Share your dilemmas and get honest opinions from other Mumsnetters.

To say no to request to clean his house?

881 replies

Rose789 · 03/10/2020 01:32

I feel like a bitch and I’m awake at 1am worrying about it.
My brother and sil have 3 kids. Between ages of 4-10 (so all in school)
Brother works full time sil works part time (3 days a week)
Kids spend every Saturday night at their grandparents house.
Sil has been signed off for work for depression and is struggling and finding it difficult to get the motivation to do anything.
I text sil and told her if she ever needed any support or someone to listen I’m here for her.
Spoke to my brother told him if there was anything I can do to help let me know e.g if they wanted me to have the kids overnight or if they got stuck with the school run.

He’s messaged today saying what would be the most helpful is if I could go round and clean the house as it’s a bomb site and sil isn’t doing any housework and he hasn’t got time with kids.
I’ve said no for several reasons

  1. I have my own house to clean. Yes it’s hard trying to clean around kids I understand that. But that’s the same for everyone. The oldest 2 are more then old enough to start helping in the house but they have no chores at all. They will eat sweets and just drop the wrapper on the floor. Have a drink and the cup just gets put anywhere.

  2. My dad has a lot of health issues. As a result I spend at least one day and one evening a week cleaning his house doing his washing making meals, getting shopping. My brother occasionally visits and doesn’t help at all.

  3. I was ill at the start of the year and spent a lot of time in hospital. Dh managed to clean the house, look after the kids and visit me, and work full time. Brother and sil picked up dd from school on one day. No other help- or offers to help.

  4. the kids are at their grandparents every single Saturday night. Blitz the place when they are gone if you can’t do it when they are there.
    I would kill for a night off every single week.

I know my reasons are valid. But I do also feel awful for sil I have been in a similar position where everything was just too much of an effort even getting out of bed. While the mess and dishes and washing piled up around me. It’s an awful place to be and it might help her if the house is clean and tidy and she doesn’t need to worry about it. But she has a husband who is just as capable as she is at stepping up and doing the cleaning.
I’m such a people pleaser I’m really struggling to stick to my guns and refuse to help.
I’m not being unreasonable am I?

OP posts:
KimMarie34 · 05/10/2020 13:28

Don't feel bad for turning this down - I offer 'help' a lot when I've had friends or family in similar situations, but I'd never for a minute expect for someone to ask me to clean their house. Nor would I agree to it. I think if you did it for them once they'd probably ask you again.

I've not read the whole thread and I think it's been mentioned already, but it's more appropriate for you to offer to have the kids to give them the time to clean themselves instead.

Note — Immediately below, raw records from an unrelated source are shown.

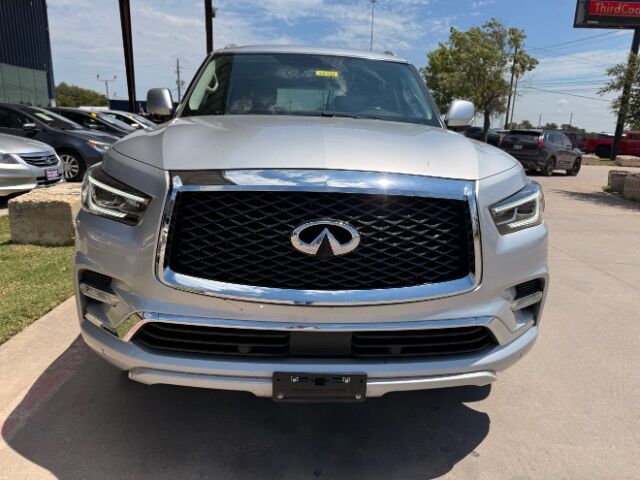 2018 INFINITI QX80 2WD Round Rock TX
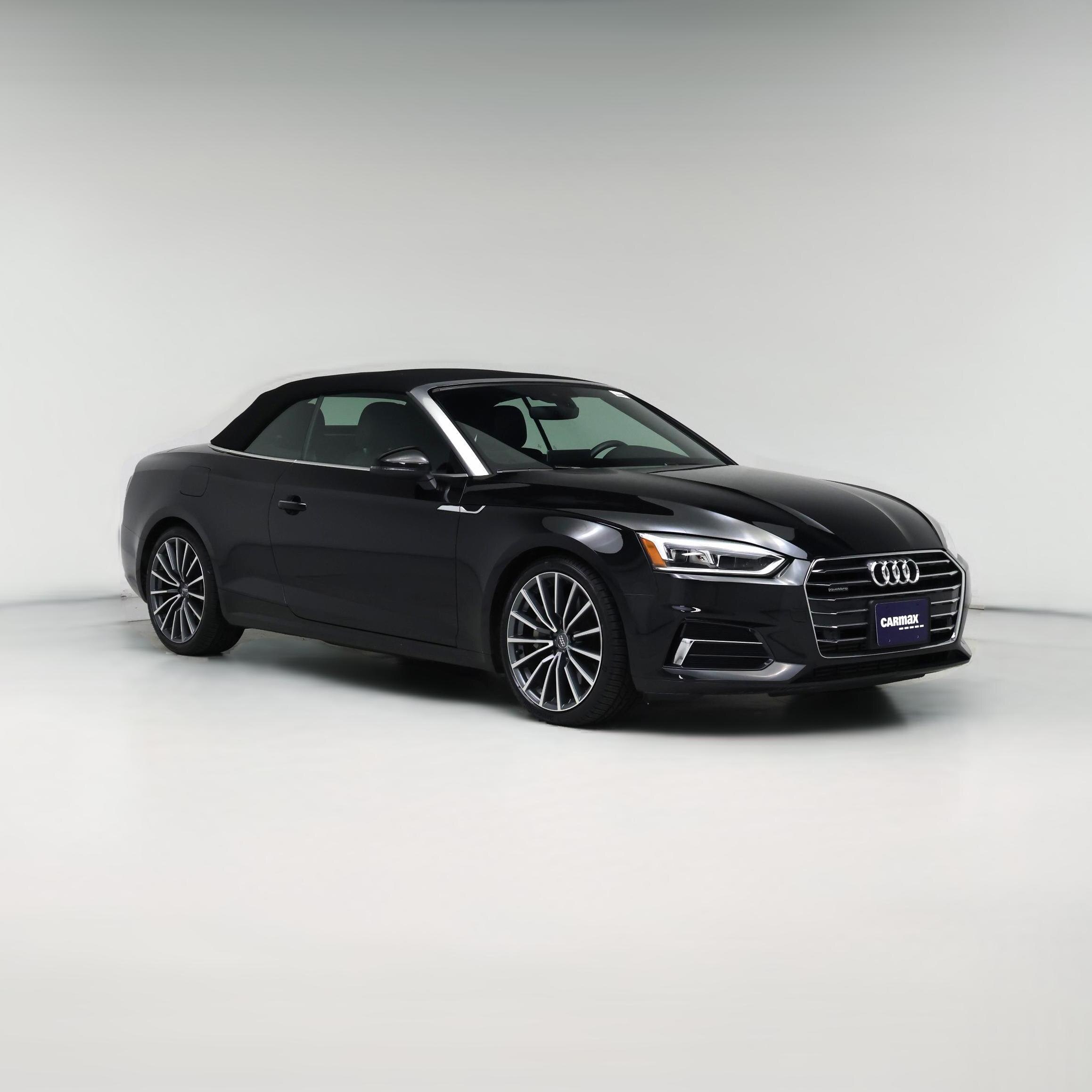 Thumbnail: 2019 Audi A5 - 1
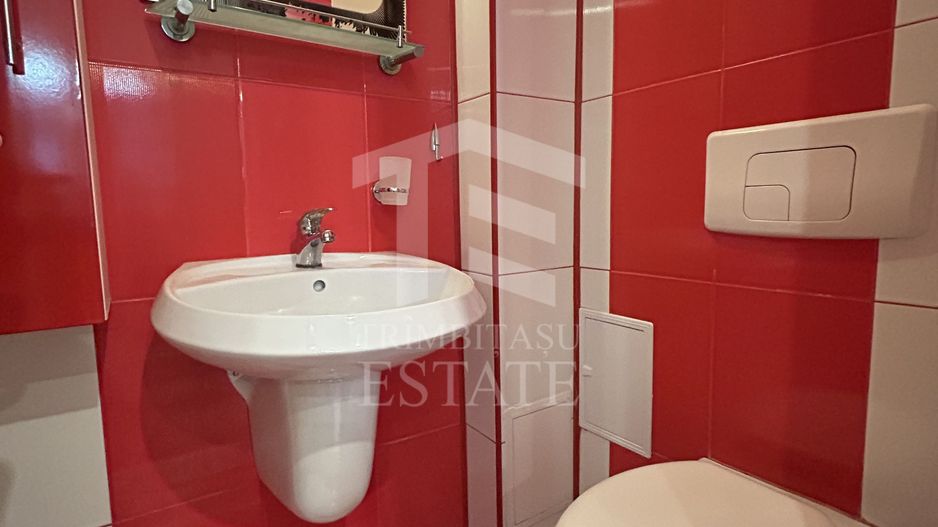 Apartament 3 camere Dacia - centrala termica - mobilat utilat modern - Poză 10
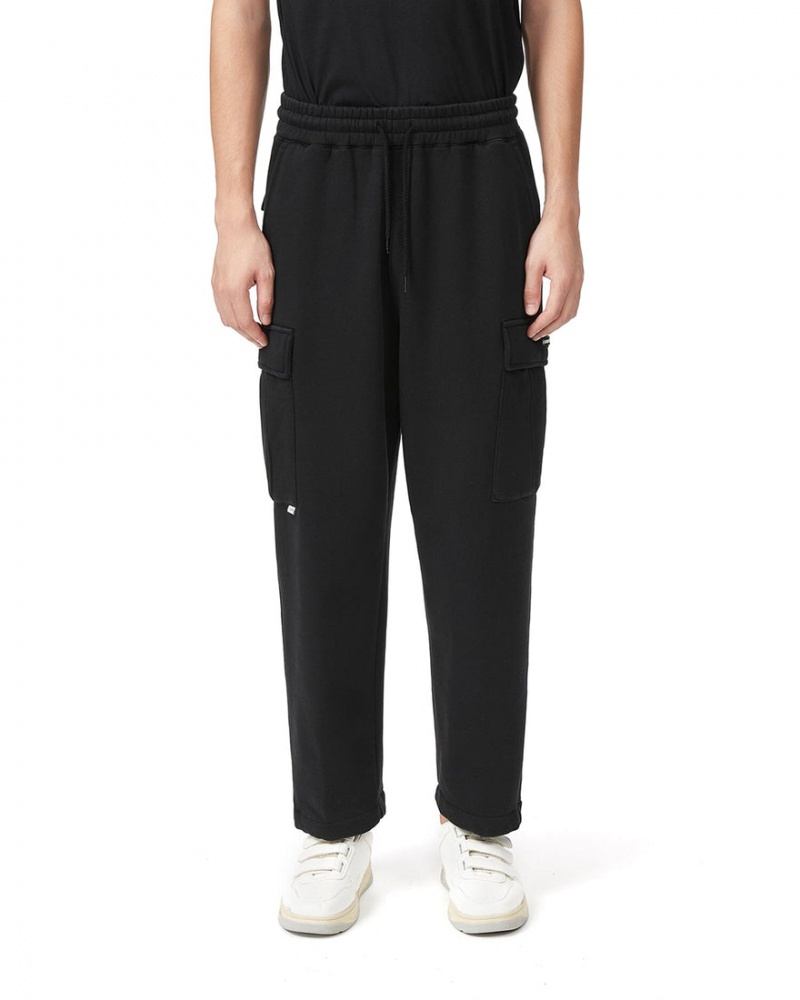 Pantaloni Alpha Industries Unfrm Sweat Trouser Donna Nere | 14958-LGRU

MilkOfThePuppy · 05/10/2020 13:42

Well, you've helped clean, now. I wouldn't be doing it again. If he'd rather get drunk and play than do some cleaning, I guess living in a bomb site must not be so bad, so they can continue to do so until his housekeeper wife is sufficiently recovered.

If I'd come back with the kids and found that he'd done almost nothing, I don't know if I'd have lifted a finger to help. That's just pathetic on your brother's part! What a jerk!

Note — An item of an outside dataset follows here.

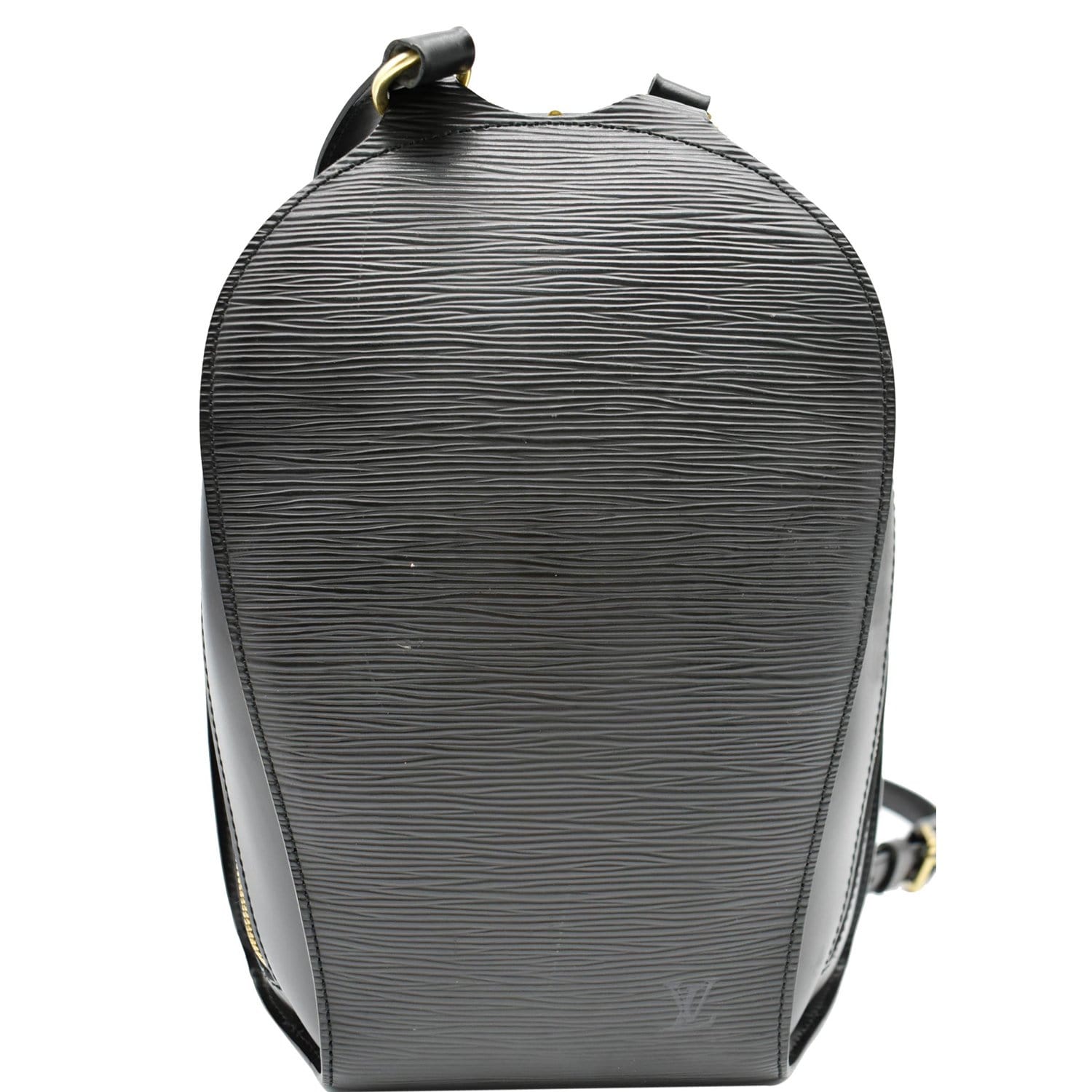 Black Mabillon Epi Leather Backpack (Authentic Pre-Owned)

Obviously offering to help comes with implied conditions and limits. But according to literalists, I guess we should be providing a very specific list of options instead of casually saying we are available to help. Hmm

Lucilia · 05/10/2020 13:51

[quote Annasgirl]**@Lucilia, @biddybird - clearly it has moved on since then. But no doubt the OP appreciates the passive aggressive tone. Only it works best when the "helpless man" has not rained on your parade.[/quote]
My bad, I didn't see the latest message of the OP! Read all the rest though. Well, that's a shame she hasn't been rewarded for her good actions.

I don't understand your comment at all @Annasgirl, firstly I'm saying the opposite of biddybird and secondly how could my message be passive aggressive when I'm clearly agreeing with the OP and her initial reaction? Odd..

SissySpacekAteMyHamster · 05/10/2020 13:58

Your brother sounds like a pisstaker.

Well done for being the cleaning whirlwind that you were. I'm sure it will mske difference to the kids and SIL.

CrimsonCattery · 05/10/2020 14:05

You are a good person OP.

To all those who said OP should suck it up and clean just because... have you ever cleaned a house that is an actual bombsite?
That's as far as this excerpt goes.